◆ YOUR INSTRUCTIONS ◆
Your answer must consist of exactly the lines below, starting with the line with "DGSANDGO Side Table" and going on through the line with "Oil on canvas", and nothing else.
______
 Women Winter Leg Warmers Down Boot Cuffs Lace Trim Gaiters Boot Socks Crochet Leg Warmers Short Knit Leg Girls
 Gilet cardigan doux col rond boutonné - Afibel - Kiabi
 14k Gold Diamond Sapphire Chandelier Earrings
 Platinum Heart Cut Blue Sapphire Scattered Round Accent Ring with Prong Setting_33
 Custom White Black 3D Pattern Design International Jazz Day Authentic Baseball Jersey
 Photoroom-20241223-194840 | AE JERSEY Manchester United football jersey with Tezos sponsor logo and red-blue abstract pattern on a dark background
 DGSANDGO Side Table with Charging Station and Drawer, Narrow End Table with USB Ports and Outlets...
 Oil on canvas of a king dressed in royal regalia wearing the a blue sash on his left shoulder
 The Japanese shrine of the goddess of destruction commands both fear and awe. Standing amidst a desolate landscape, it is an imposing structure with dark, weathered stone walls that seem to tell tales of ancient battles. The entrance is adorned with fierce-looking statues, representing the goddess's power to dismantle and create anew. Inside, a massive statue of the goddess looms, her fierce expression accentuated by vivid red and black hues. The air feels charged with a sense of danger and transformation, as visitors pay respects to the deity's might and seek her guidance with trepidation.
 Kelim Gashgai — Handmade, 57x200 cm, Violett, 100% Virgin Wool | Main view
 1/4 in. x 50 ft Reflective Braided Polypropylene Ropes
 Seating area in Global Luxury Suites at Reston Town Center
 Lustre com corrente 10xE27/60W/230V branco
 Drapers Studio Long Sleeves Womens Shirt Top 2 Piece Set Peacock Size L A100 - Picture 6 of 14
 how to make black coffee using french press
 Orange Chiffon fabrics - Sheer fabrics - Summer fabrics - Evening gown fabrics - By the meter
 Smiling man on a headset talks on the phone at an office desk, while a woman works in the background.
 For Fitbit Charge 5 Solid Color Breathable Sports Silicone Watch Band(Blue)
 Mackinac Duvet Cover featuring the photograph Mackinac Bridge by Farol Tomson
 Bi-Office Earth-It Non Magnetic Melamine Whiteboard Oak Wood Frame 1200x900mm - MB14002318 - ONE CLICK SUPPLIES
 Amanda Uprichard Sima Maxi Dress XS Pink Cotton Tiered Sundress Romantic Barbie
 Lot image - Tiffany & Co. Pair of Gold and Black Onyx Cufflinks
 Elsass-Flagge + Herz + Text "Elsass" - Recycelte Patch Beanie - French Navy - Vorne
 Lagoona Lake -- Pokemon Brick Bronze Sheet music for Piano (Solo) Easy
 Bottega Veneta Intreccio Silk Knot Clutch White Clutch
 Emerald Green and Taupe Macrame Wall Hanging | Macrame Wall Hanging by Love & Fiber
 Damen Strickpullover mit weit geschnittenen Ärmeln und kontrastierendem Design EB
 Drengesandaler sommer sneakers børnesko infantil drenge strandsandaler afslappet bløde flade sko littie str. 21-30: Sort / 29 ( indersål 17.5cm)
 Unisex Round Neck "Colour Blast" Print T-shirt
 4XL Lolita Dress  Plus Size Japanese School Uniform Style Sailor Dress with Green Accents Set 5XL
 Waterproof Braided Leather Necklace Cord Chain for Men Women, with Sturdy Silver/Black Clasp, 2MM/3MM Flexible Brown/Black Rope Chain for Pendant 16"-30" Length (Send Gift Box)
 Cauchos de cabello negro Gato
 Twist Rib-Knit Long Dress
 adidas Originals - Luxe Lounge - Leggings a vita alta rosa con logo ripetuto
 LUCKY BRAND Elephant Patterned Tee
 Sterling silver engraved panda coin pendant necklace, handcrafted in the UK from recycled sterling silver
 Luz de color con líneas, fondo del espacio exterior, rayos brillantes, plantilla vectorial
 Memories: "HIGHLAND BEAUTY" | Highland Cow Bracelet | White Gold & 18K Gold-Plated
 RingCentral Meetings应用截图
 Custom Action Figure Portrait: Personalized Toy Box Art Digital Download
______
◆ SOLUTION FOR THIS EXERCISE ◆
 DGSANDGO Side Table with Charging Station and Drawer, Narrow End Table with USB Ports and Outlets...
 Oil on canvas of a king dressed in royal regalia wearing the a blue sash on his left shoulder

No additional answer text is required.